The call for castration ( taking away the gun of the rapist as one Zimbabwean minister put it) brings to mind the possibility that this measure could have relieved Africa by making its tyrants non (re) productive. Off hand, such a measure would have deprived us (and what a pleasure!) of an Ali Bongo, a Kabila or Eyadema junior, a Seif Al Islam and a Gamal Mubarek, sons that have taken or are in line to take over power. Castration is an ancient practice that should be revived for political ends while the so called chemical castration now being advocated in Harare, aimed at reducing the libido, is a waste of resources and expectations. Someone has said correctly that behind every phallic hero there lurks an "unsocialized" monster. The cock that spares no chicken otherwise known as Mobutu Sese Seko, the big dictator Idi Amin, and all the other polygamous tyrants were/are macho monsters par excellence that could have been or are perfect candidates for castration. But then again, a castrated and sexually frustrated Idi Amin may have brought more havoc on our Ugandan brothers and sisters. After all, according to some articles in the Pet Friendly sites, castration changes the personality of dogs. The same could be true in humans though eunuchs are revered in some countries and oppressed in many others. This means that there is the dangerous possibility that a castrated tyrant may be worshipped and allowed to wreak havoc. Eunuchs had also a purpose, some use ( Eunuch goes back to the Greek word eunoukhos, "a castrated person employed to take charge of the women of a harem and act as chamberlain") while we say castrate tyrants to make them useless. Men said to be "emasculated and castrated" by "dominating women" reportedly have serious psychological problems and we do need tyrants with more mental handicaps. The ancients ranging from Theophilus of Antioch to Augustine condemned the pagan gods demanding castration and called the action villainy and foul. Will castrating tyrants make them more vicious though such a state may be hard to envisage given the fact they have all reached the highest level of viciousness already. Hence, we must really make sure that castration leads to a change to the better in the temperament and personality of the tyrant.

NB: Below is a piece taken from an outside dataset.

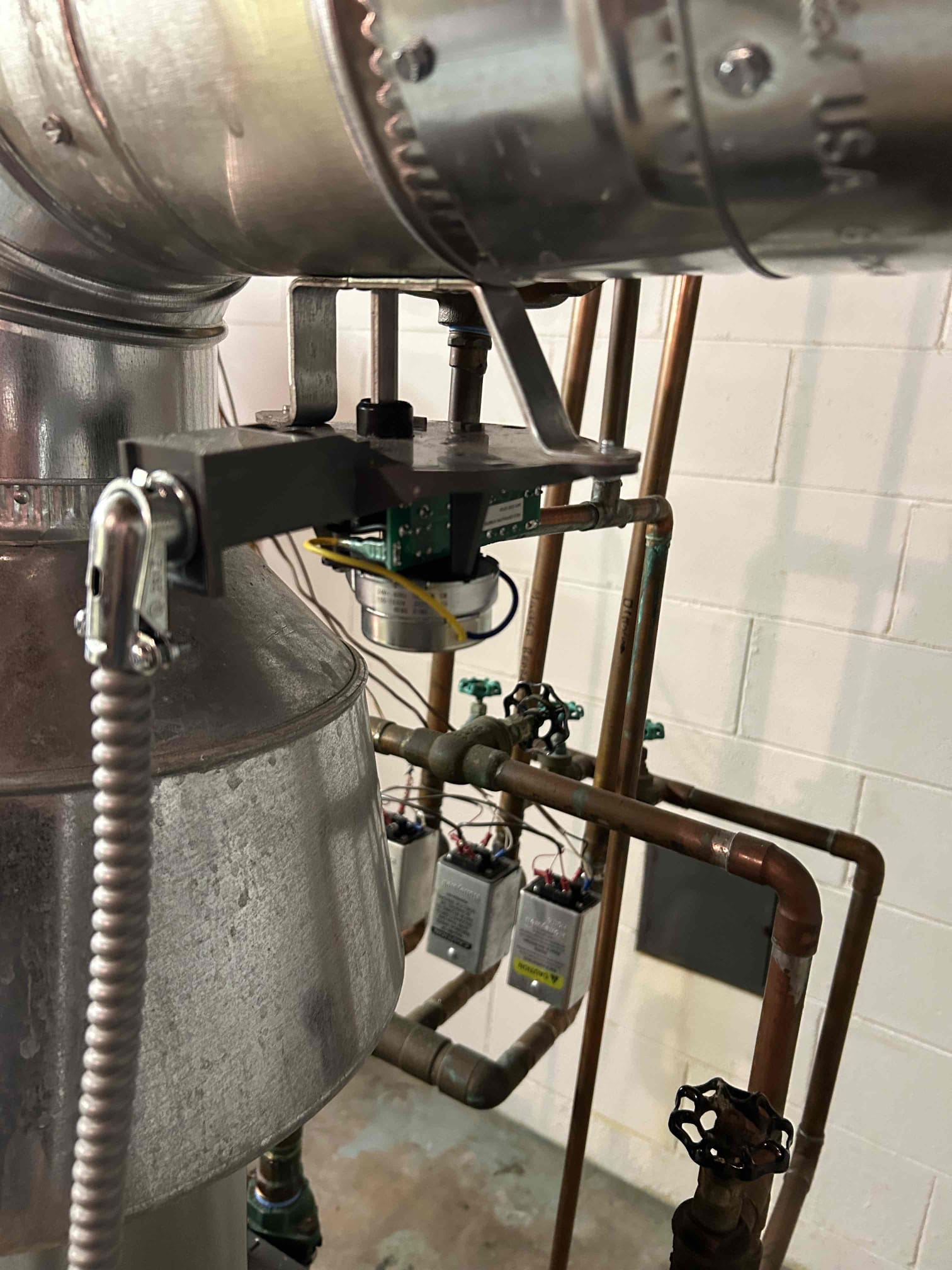 Replaced the automatic flue dumper.
Tested the boiler. System works properly at this time.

The African tyrant minus his personal private gun may be impeded from producing off springs that replace him and perpetuate our misery. This by itself is a good thing and we can only hope that Mugabe for one will opt for the full Monty castration instead of imitating Western wimps and their chemical castration option. Why send gays to prison and deplete the money of the State (money that can be stolen by the tyrants) while they can be castrated and rendered unarmed for their "criminal" activity. A black friend of mine claiming to be an expert on the make up of the African tyrants ( a field of expertise monopolized by Whites) asserts that a castrated African tyrant will wilt and shrivel as what defines the tyrant is his macho phallic hero posturing. Will castration put an end to the "unsocialized monster"? It is not sure but it sure is worth trying as Africa would benefit from ending the rule of the tyrants and the sons that continue to rise. And it would be a costless procedure as volunteer castrators would line up in their millions. Count me in.